This Uncharted Movie Review is not a knock-out attempt at a video game adaptation, but it does fall short of perfection. It is light on its feet, doesn’t insult the franchise’s fan base, and rides on Nathan Drake’s goodwill, but it’s hardly a daring work of art. Despite being based on a video game, Uncharted feels like a video game adaptation that’s made with bare-minimum effort to tell a story. As Roger McGough famously said, “Video games are not art, they’re just entertainment.”
While the video game adaptation of Uncharted is gorgeous and visually stunning, it falls short of being a compelling and engaging film. The film does take some liberties, though. Mark Wahlberg‘s Sully is cold, self-interested, and lacking in likability. But once he meets the younger Nathan Drake, the two share an unlikely bond. While their relationship is not fleshed out much, viewers will probably find themselves rooting for Nate anyway.
A rival expedition led by Santiago Moncada also sets out to explore the ocean. Moncada is a one-dimensional character who feels entitled to fortune because his family funded Magellan’s original expedition. The film’s characterizations are shallow and require viewers to suspend their disbelief. It also has an overly complex plot, but this is hardly a fault. The movie is still a solid diversion, but not a great one.
Despite its high-concept, Nathan Drake in Uncharted falls flat and lacks the thrill and excitement of the video game. The actors playing Drake and his team are good, but the movie doesn’t work well enough to keep viewers interested. Mark Wahlberg is disappointing as Drake’s father and Sophia Ali as his son. In addition, the movie reeks of lackluster character development. While Tom Holland is an appealing Nathan, he’s often a bit flat and unremarkable.

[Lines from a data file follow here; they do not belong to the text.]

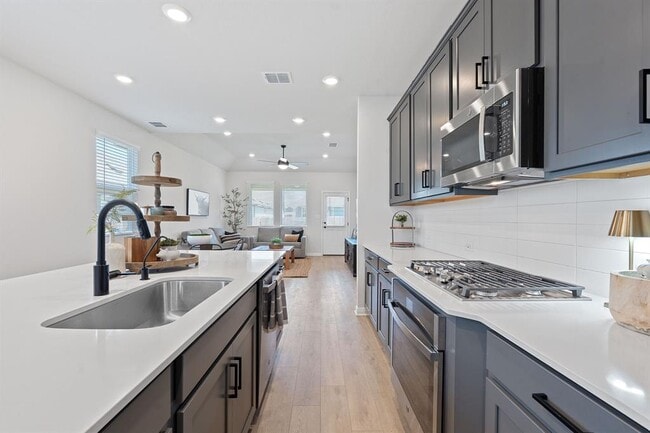 Building Photo - 179 Kings Cyn Dr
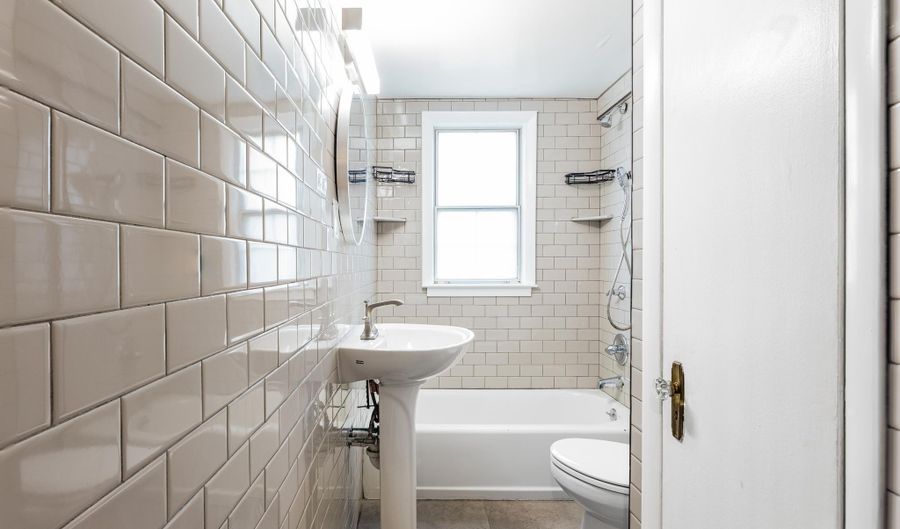 814 S ARLINGTON Dr 102, Arlington, VA 22204 - 2 Beds, 1 Bath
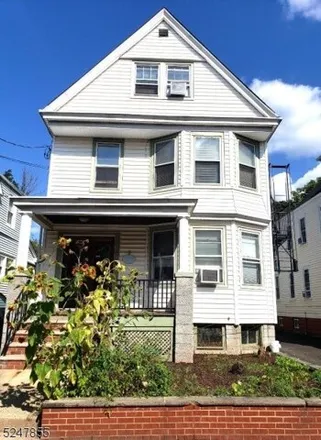 Image 1 - 41 Rosedale Avenue, Millburn, NJ 07041, USA - Apartment for rent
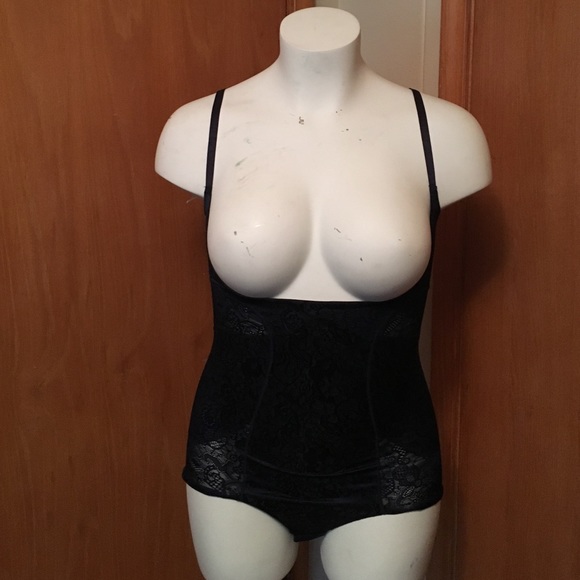 Navy lace slimming bodysuit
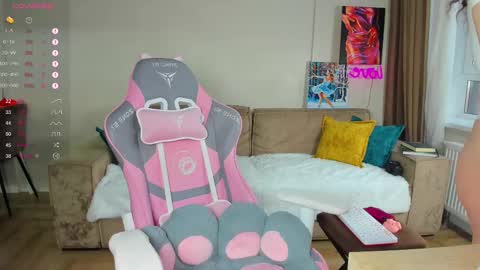 Snapshot of my_emmy chatting on 02.22.25 Emmy online show from 02.22.25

While the video game adaptation is visually stunning, Uncharted is also overlong and morally dubious. Still, it’s an admirable attempt at creating an adventure set piece. Tom Holland’s performance as Nathan Drake is an excellent choice for this role. While he’s in mortal danger, the actor keeps a good vibe. Unlike Wahlberg’s blank-faced derring-do, Holland’s calm and easygoing personality makes it easy for the audience to root for the hero.
Despite her brief appearance in the first two Uncharted movies, Chloe Frazer has a distinctly modern take on the character. Her empowering and optimistic attitude makes her a welcome addition to the Uncharted universe, even if her role is relatively small in comparison to that of her co-star Drake. Among the other characters she appears to have a longstanding friendship with is Nadine Ross, who is her lover from the first two films.
Sophia Ali portrays the younger version of Chloe, a former associate of Sully’s. Her role is largely one-note, but she does reinforce the film’s themes of betrayal among thieves. While her character is appealing and occasionally even a dangerous one, Chloe does serve as a counterpoint to Sully, and in doing so, she manages to captivate the audience’s affections.